Product Life Cycle
Definition - What does Product Life Cycle mean?
The product life cycle is a marketing theory cycle or succession of strategies experienced by every product which begins with a product’s introduction, sometimes referenced as research and development, followed by its sales growth, then maturity and finally market saturation and decline.
The product life cycle parallels and is analogous with that of human beings and animals, i.e. from birth to growth to maturity to decline and eventually to death. For products this involves many disciplines, skills, tools and processes as the product goes through market forces involving raw materials, parts, various business processes, costs, distribution to markets and sales.
Techopedia explains Product Life Cycle
The four phases of the Product Life cycle are as follows:
Market Introduction Stage - The new product idea is processed through research and development (R & D). Costs are high with usually little competition (unless the competition is simultaneously doing their R & D); marketing personnel start creating customer demand/desire for the product; and sales are all in the future.
Growth - The new product begins to sell and revenues increase as new competition often enters the market. Efforts are made to expand distribution as innovative features and capabilities of the product take precedence over price. Successful products see high profit levels at this stage as costs decrease with economies of scale and product public awareness increases. As competition increases still further price becomes more critical and it starts to decrease; to a small degree or large, a price war is present as competing products fight for their market share.
Maturity - The new product becomes somewhat less new as it is now standardized, well known and established and increasingly distributed to larger markets with national or even international dimensions . Cost wars intensify and production facilities are streamlined and sometimes even moved to locations having cheap labor to control costs. Sales volume is maximized as market saturation is reached; then price competition forces process down still lower. Public consumption becomes dependent upon brand preference and feature diversification and the company, and its competition, struggle to maintain or increase market share.
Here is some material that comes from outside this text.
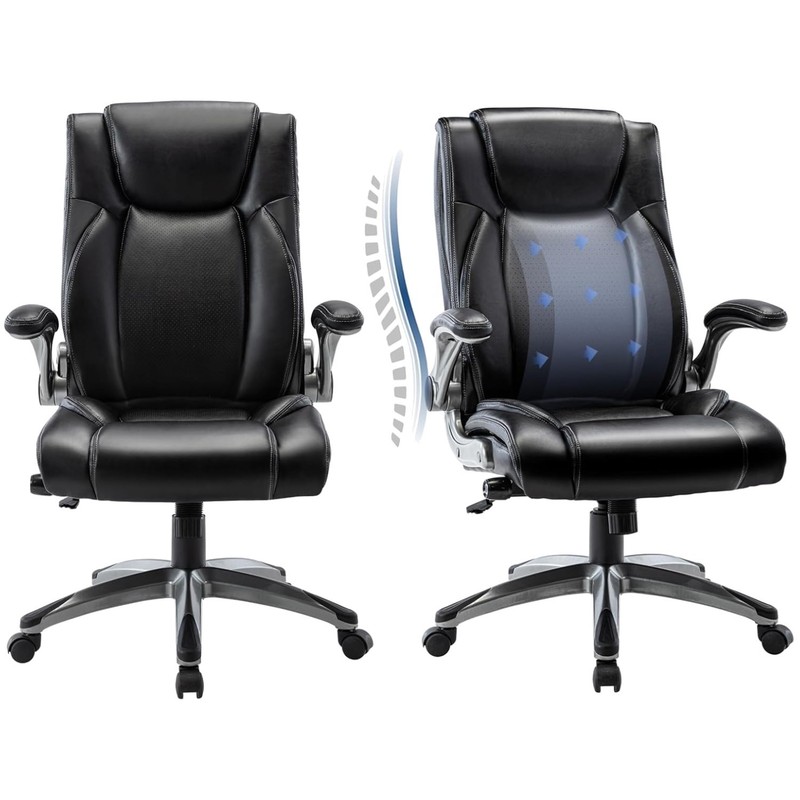 High Back Leather Office Chair with Lumbar Support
Near the end of this stage profits will decrease.
Decline - The once new product is now rapidly becoming obsolete as low income consumers enter the market and/or the product is imported into developing countries. Efforts are made to cut production and distribution costs which become the main concerns as sales and profit margins decline even further. Profits become too little to be viable and the product is eventually retired, marking the end of the product’s life cycle.
The life cycle for technology products is no different than any other industry, although one could argue that the speed at which a product becomes obsolete is much greater.